My body is now trying to react to the new body it is. My brain is telling me I am hungry all the time, but my stomach feels full all the time. I now have to write a new owner’s manual for my body to determine what the new status quo will be. I am also exhausted all the time. I took my first trip outside on my own today. I was out for only a short while and I needed an hour nap. That part is to be expected. Healing from surgery takes time, and the best way healing can happen is through rest.
This surgery was not the easy way out for me. This surgery was a life saver for me. It was the final life boat in the Titanic that was my body. As soon as the healing for the hernia and the bariatric surgery is complete, I will be back in the gym and working out hard. I will be monitoring my calories and the kinds of foods that go in my body. Also, in the past 6 days from the surgery I totaled up the number of calories I have consumed. That total ended up being only 940 calories since surgery. 940 calories in 6 days or 157 calories a day is crazy huh? Imagine only 157 calories a day. How hungry would you be? Does that sound easy to you? My body is going through hell right now to prepare myself for the work I will be doing in a very short amount of time.
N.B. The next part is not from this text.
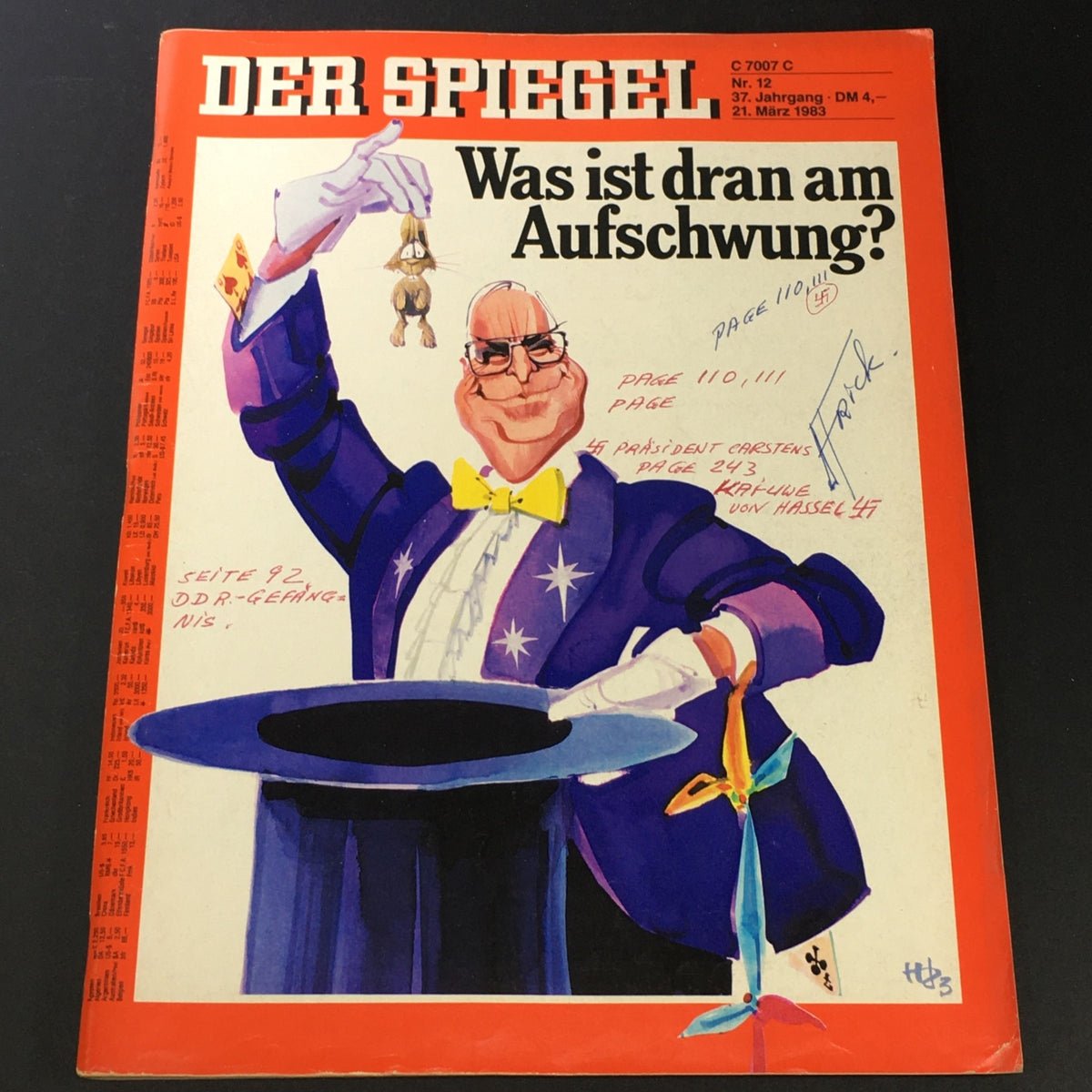 Cover of VTG Der Spiegel Magazine March 21, 1983, featuring a caricature of a magician holding a rabbit and the title 'Was ist dran am Aufschwung?'. The cover is vibrant with annotated page references.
So, I wish I could respond to my friend’s family and say to them, please do not think this is easy. I would tell them to do some research instead of just assuming that this is easy way out. From the entire pre surgical tests and doctor’s visits to the psychological tests to proving that I had been trying to lose weight for years and years. To the pre surgery all liquid diet that was so difficult because I could not eat anything for over a week. Then finally the surgery that I went through that I both hate and love for everything that my body is currently going through. This process has not nor will it ever be easy. This is HELL on Earth. But sometimes you have to go through Hell to get to the Heaven. Thankful my family has been amazing, and my friends have been there every step of the way for me. I pray that my friend’s family will open their eyes and hearts and see that sometimes everyone needs a life saver to help save their life.
Sincerely, Chris

2 comments:

  1. Those that discourage us do so because they are afraid. I applaud your courage to take this difficult but worthy path. Besides if it were easy, everyone would do it, not just the determined and the brave. Keep shining!!!